Speed ceiling · librelane-playground

This page is a ceiling estimation, not a roadmap. The ladder is going somewhere else — toward enough RISC-V to host real software. But the question “if we just wanted to push speed, how far could we go on sky130A?” comes up often enough to write down.

§ What the technology decides

The PDK fixes two things that anchor every speed number on this site:

Standard-cell library. We use sky130_fd_sc_hd — the open high-density library. It has a moderate cell variety, no hand-optimized fast flops, and a published FO4 delay around 50 ps for an inverter at the nominal corner. That’s the fundamental gate-delay yardstick.
Routing parasitics. sky130 is a 130 nm node. Wire delay is a real fraction of the cycle once nets get long. Tools have to spend buffers to keep slew under control on big fanout trees, and that buffering eats into the cycle budget.

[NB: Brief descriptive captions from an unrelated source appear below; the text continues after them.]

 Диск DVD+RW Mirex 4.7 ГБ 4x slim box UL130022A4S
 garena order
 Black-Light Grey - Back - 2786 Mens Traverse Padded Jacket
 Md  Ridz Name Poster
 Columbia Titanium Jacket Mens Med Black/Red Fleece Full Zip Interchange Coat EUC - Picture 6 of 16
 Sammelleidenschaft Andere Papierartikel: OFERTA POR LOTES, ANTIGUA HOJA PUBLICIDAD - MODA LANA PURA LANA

A back-of-envelope ceiling for a single fast path on sky130 hd is roughly 15–25 FO4 inverter delays per cycle once you account for setup time, clock skew, and a realistic mix of multi-input gates. That’s 750 ps – 1.25 ns, or 800 MHz – 1.3 GHz as a raw cell-delay number.

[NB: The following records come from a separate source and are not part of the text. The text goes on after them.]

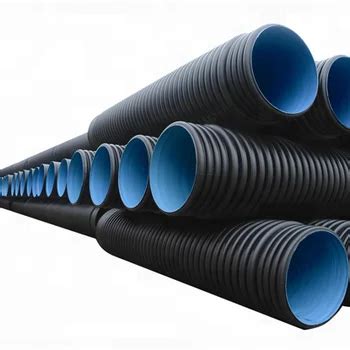 Pe Double Wall Corrugated Plastic Culvert Pipe Prices - Buy Hdpe ...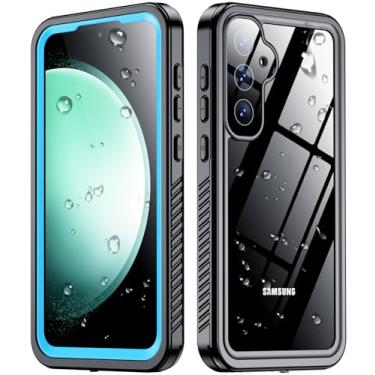 Imagem de SPIDERCASE Capa projetada para Samsung Galaxy S23 FE à prova d'água, protetor de tela integrado [3,5 m militar à prova de choque] IP68 subaquático resistente antiarranhões para S23 FE de 6,4 polegadas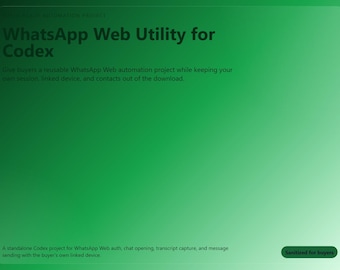 WhatsApp Web Utility for Codex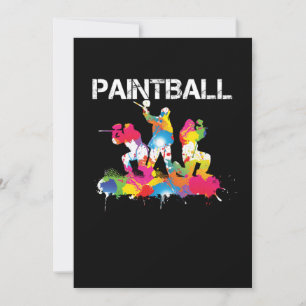 Paintball Kleur Splat Paintball Speler Cadeau Kaart
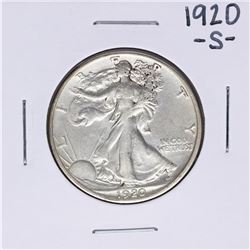 1920-S Walking Liberty Half Dollar Coin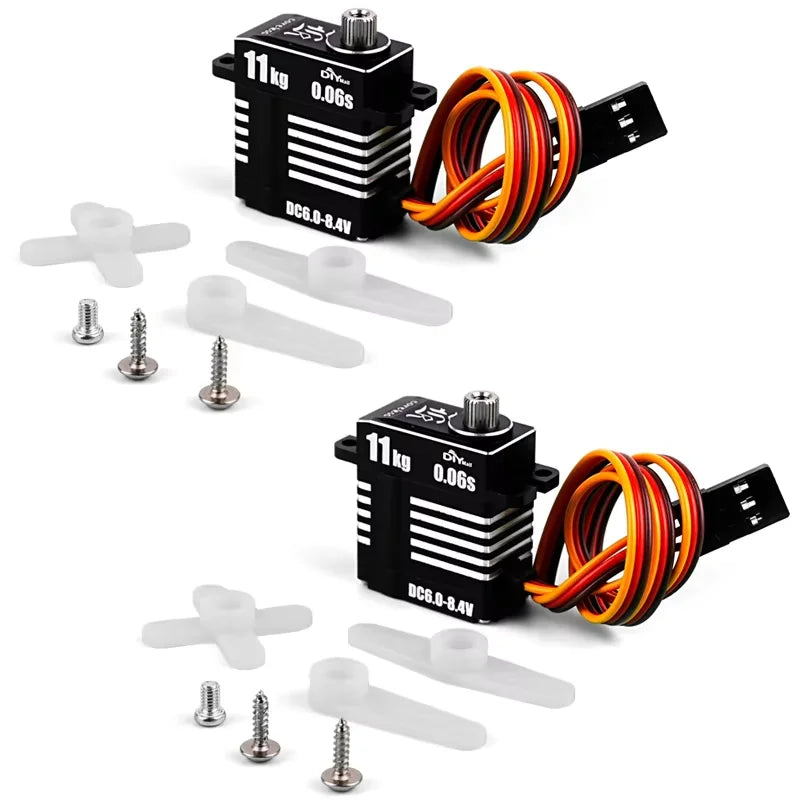 Micro 8.4V 0.06S 11KG Digital Servo Motor Mini Full Metal Coreless Programmable Servos 180/270/360 Degree High Torque for RC Car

That number is misleading. Real designs don’t get there because the critical path isn’t a chain of inverters — it’s a register-to-register path through ALU logic, mux trees, and routed wires. Every realistic RISC-V critical path on sky130 hd lands much further down.

§ What the architecture decides

The biggest single multiplier between “FO4 ceiling” and “what your chip actually clocks at” is whether you pipelined.

core style	comfortable	with effort	hard ceiling
multi-cycle FSM (today)	`50–80 MHz`	`~100 MHz`	front-end FSM transitions
3-stage pipelined (Ibex-ish)	`100–150 MHz`	`~180 MHz`	reg-file + ALU forwarding
5-stage pipelined (Rocket-mini)	`100–180 MHz`	`~220 MHz`	branch + memory paths
aggressively tuned	—	`~250 MHz`	clock tree, std-cell skew

A multi-cycle CPU like the one we ship today has long combinational paths between flop-stages because each instruction does several operations in series across one giant FSM. Adding a real pipeline breaks those paths into smaller pieces, and the cycle time drops roughly proportionally — at the cost of pipeline registers, forwarding logic, hazard detection, and a much larger test surface.

5 stages is the classic RISC textbook split (fetch / decode / execute / memory / writeback). It’s also what most open-silicon RV32 cores actually ship: VexRiscv, Ibex (when configured), and SCR1-class designs all live in the 100–180 MHz zone on sky130 hd.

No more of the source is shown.